Problem description = Copy each line below as it stands, but skip any picture it contains.

The data =
------------

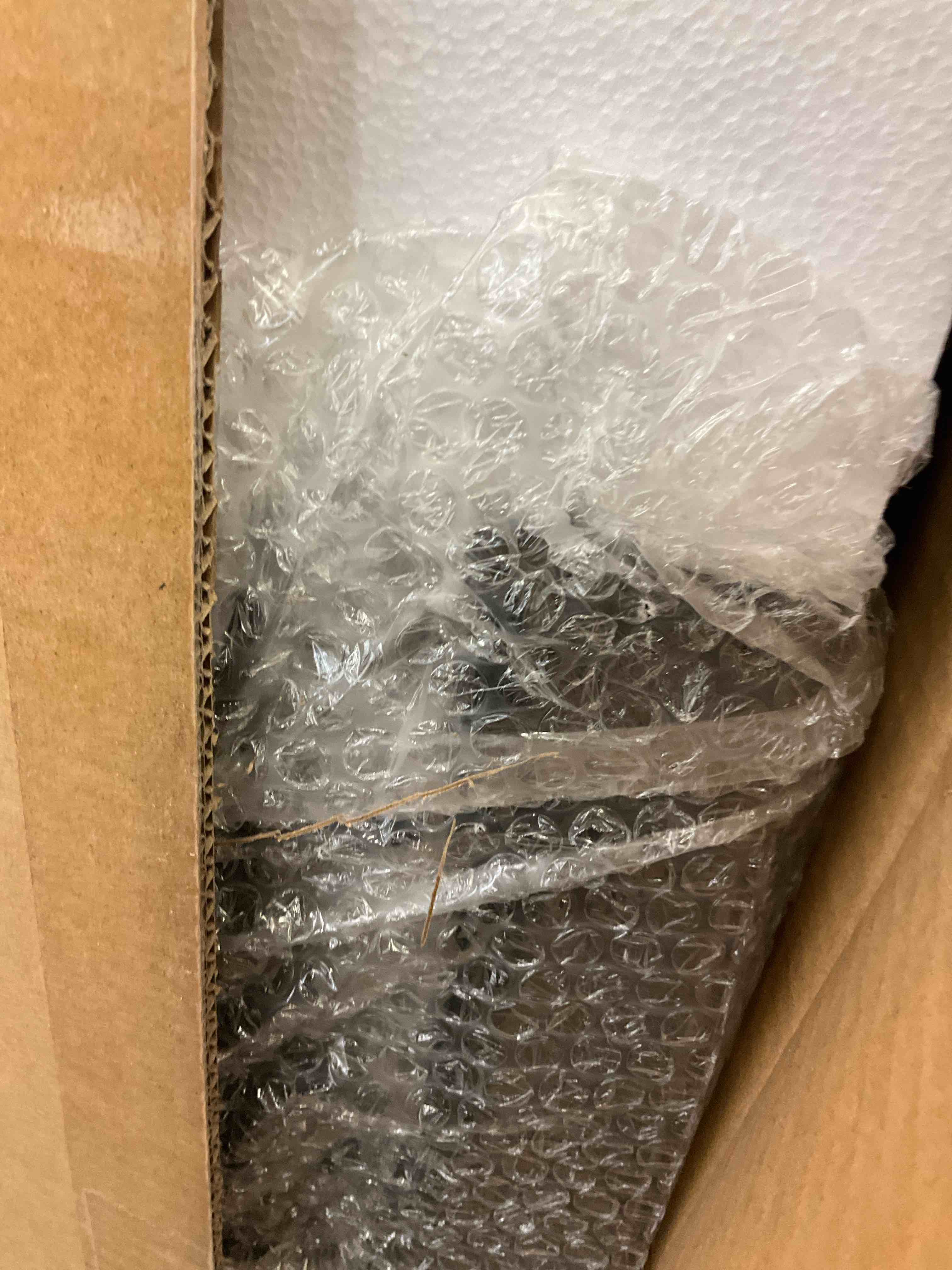 https://s3.amazonaws.com/lotting-images-prod/BargainHunt/BHL00086937_1722458173055.jpeg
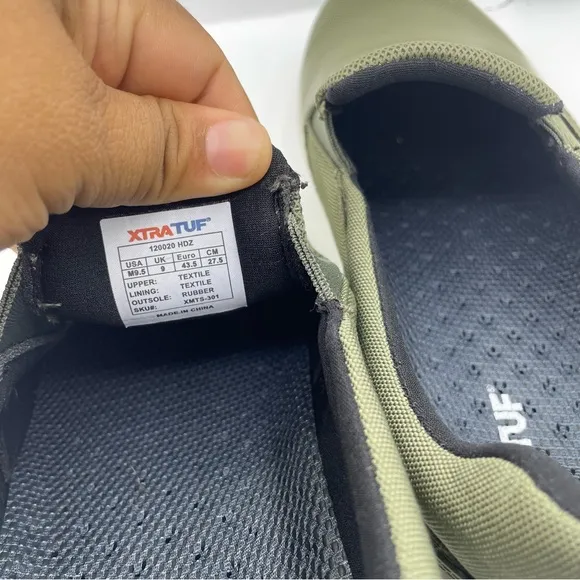 XTRATUF mens Topwater slip on shoes Size 9.5M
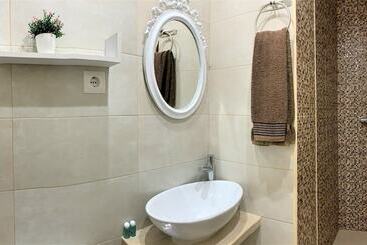 تختخواب و صبحانه Suites Inn Lagos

------------

Answer for the task =
 https://s3.amazonaws.com/lotting-images-prod/BargainHunt/BHL00086937_1722458173055.jpeg
 XTRATUF mens Topwater slip on shoes Size 9.5M
 تختخواب و صبحانه Suites Inn Lagos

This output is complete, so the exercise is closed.